Event logs for fractional source-of-truth systems (part 3 - log compaction)

One downside of the approach we’ve taken in this series is the potential for our log to grow to the point where it becomes unwieldy to store and computationally expensive to apply. One way we can cut down on that risk (though at the potential cost of fidelity loss) is through log compaction. Given we’ve already started emitting noop events in the conflict resolution portion, the simplest compaction step is simply:

export const compactLog = (events: event[]): event[] => {
  return events.reduce((accum, event) => {
    if event[EventIndex.EventCommand] == "noop" {
      return events;
    }
    return Arrays.push(events, event);
  });
};

For further compaction, we can start to figure out what operations are mutually exclusive. For example, the following sequential log events…

["setGroup", 1, [1, 2]],
["setGroup", 1, [1]]

…can be compacted down into…

["setGroup", 1, [1]]

…as they are mutually exclusive operations. We have more complexity to content with in cases where the operations are not sequential, as removing an earlier event could invalidate events that exist between a mutually exclusive pair. There are several approaches you can take to determine compactable events, but the downside is that analyzing your log to that degree can lead to an explosion in complexity, with unknown benefits.
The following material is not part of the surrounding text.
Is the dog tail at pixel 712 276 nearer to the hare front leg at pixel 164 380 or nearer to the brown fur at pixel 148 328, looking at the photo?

An easier path is to view our mutable structures as a dependency tree, and only compact leaf nodes. For example, in this application we’d have the following structure:

Group
|
|--- Group Limit
|--- Vehicle Group Assignment
|--- Exclusions

Which means we’d be able to compact limit, vehicle assignment, and exclusion events. If this proves to still generate unwieldy logs, you might need to opt into the additional complexity. you could:

compact non-leaf nodes, apply the proposed compacted logs, and ensure no additional warnings are generated (leveraging the conflict resolution logic we’ve already built)
take an initial pass through to wipe out the leaf nodes then ensure there were no relevant orphaned events on group compaction
build an explicit dependency graph from the log and using that to drive compaction

Given the extra complexity of these approaches, it might be best to let instrumentation tell you if you should implement one of them. If these approaches prove unnecessary and we decide to only compact leaf nodes, there is a fairly straightforward path for compaction: last event wins. The approach I took in the source iterates through the events backwards, generates a unique key for each event, then stores the key in the set if it’s not present, and skips the event if it is.